No one told you to disappear. No one demanded it. Yet somehow, between responsibilities, family, work, and the everyday rhythms of life, you wake up one day and realize you’ve been living almost entirely for everyone else.
Several years ago I found myself feeling angry in my own home. My husband was in another room playing music. One daughter was still sleeping. The other was tucked away in her room. And there I was, scrubbing a floor, irritated and restless.
But the truth was, no one had asked me to wash that floor. No one had demanded the bathroom be cleaned right then.
What I realized in that moment was much harder to admit.
Somewhere along the way, I had lost a piece of myself.
I had spent so many years caring for everything and everyone around me that I no longer knew what I did simply for joy. I didn’t even have a hobby.
So I did something small but life-changing.

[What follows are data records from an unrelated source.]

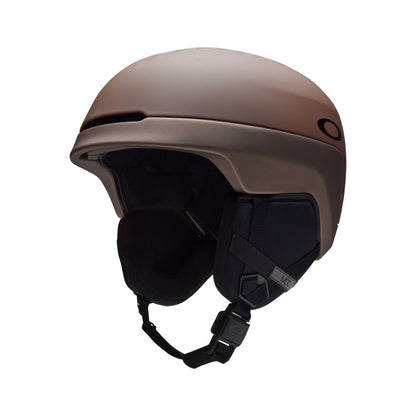 Oakley Mod3 Snow Helmet FOS901055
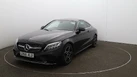 2018-mercedes-benz-c-class-15-c200-amg-line-ss-coupe-2d-small-27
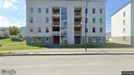 Apartment for rent, Örebro, Örebro County, Skogstorpsvägen<span class="blurred street-number" onclick="ProcessAdRequest(16890161)"><span class="hint">See no.</span>[xxxxxx]</span>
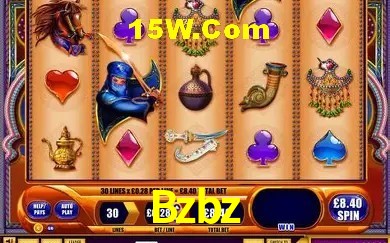 Flash Promotion Bzbz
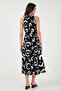 Dress Dress 6784283 - 7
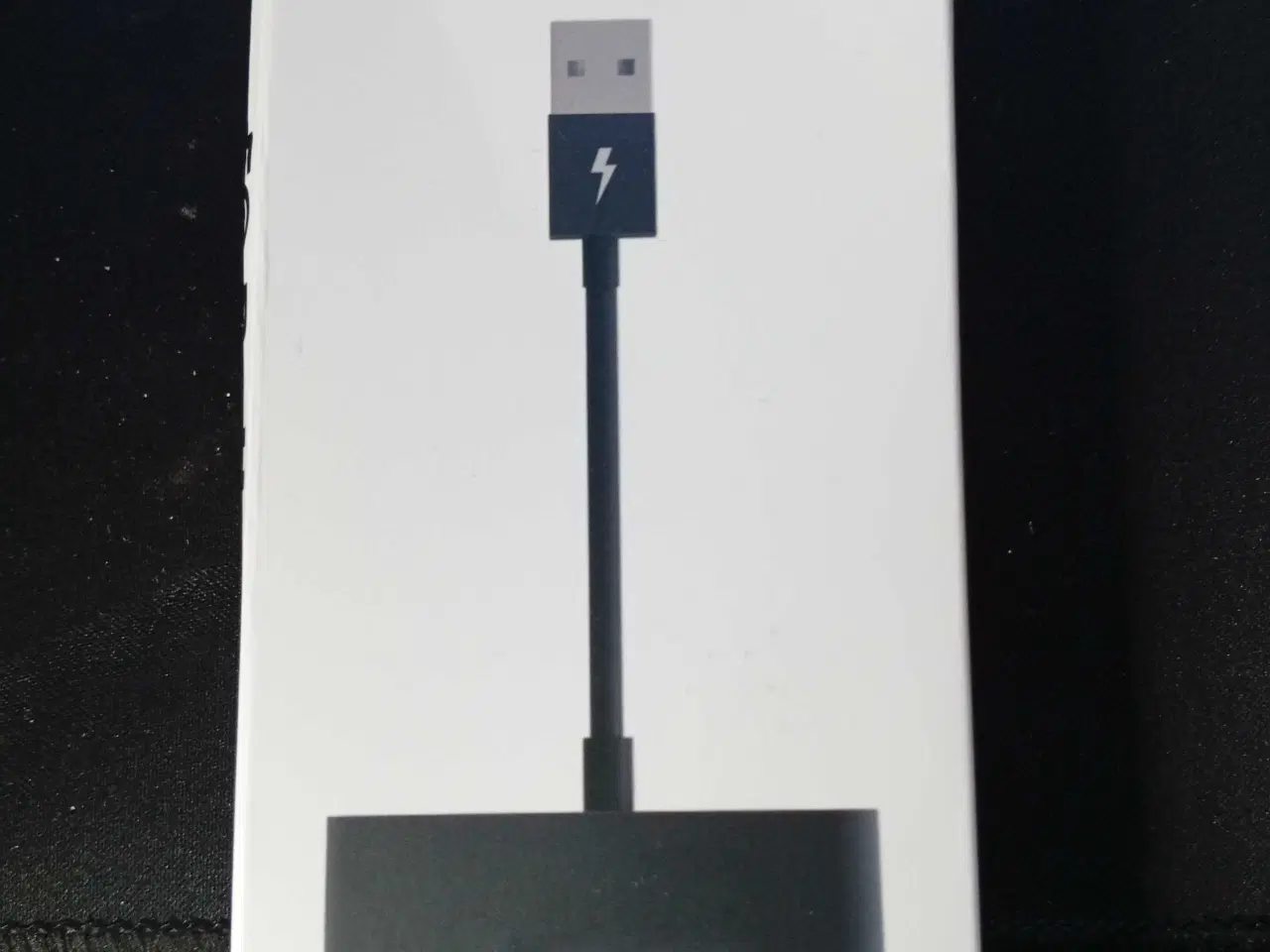 Billede 2 - Android auto adapter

I decided to learn how to paint.

I started where beginners start: with a drawing class online. From there I began experimenting with acrylics. Slowly, something in me woke up again. I made a small studio space in my home—my own corner of the world. I even made a rule that people had to knock before coming in.
It wasn’t about shutting my family out.
It was about letting myself back in.
At the time, I thought reclaiming a space of my own would be enough.
I didn’t yet realize I would also have to learn how to hold onto that space in my everyday life.
At the time my life was going through a difficult chapter. My marriage had been shaken in ways I never expected, and I was carrying emotions I didn’t yet know how to express. Painting became the place where those feelings could live without needing to be explained.

One of the pieces I painted during that time still hangs on the wall near the entrance to my bedroom. It’s bright, layered, abstract—full of color and texture. I could never recreate it, no matter how hard I tried.
And that’s exactly why I love it.
That painting belongs to a moment in time. It holds who I was when I made it—the confusion, the searching, and the determination to feel alive again.
When I step back and look at it now, I see more than paint. I see the moment I remembered that my life is also something I get to create.
This space isn’t about perfect art or perfectly planned lives. It’s about noticing the small moments that shape us—moments of creativity, reflection, resilience, and sometimes simply remembering to breathe.
Because life, when you slow down enough to notice it, is a series of moments in time.
And each of us, in our own way, is the artist of the life we’re living.
What I didn’t understand then was that finding myself was only the beginning.
Learning how not to give myself away again—that’s been a different kind of work.
Quieter. Slower.
And maybe more honest than anything that came before.
Because some things aren’t meant to be recreated-
only recognized for what they were, and what they made possible.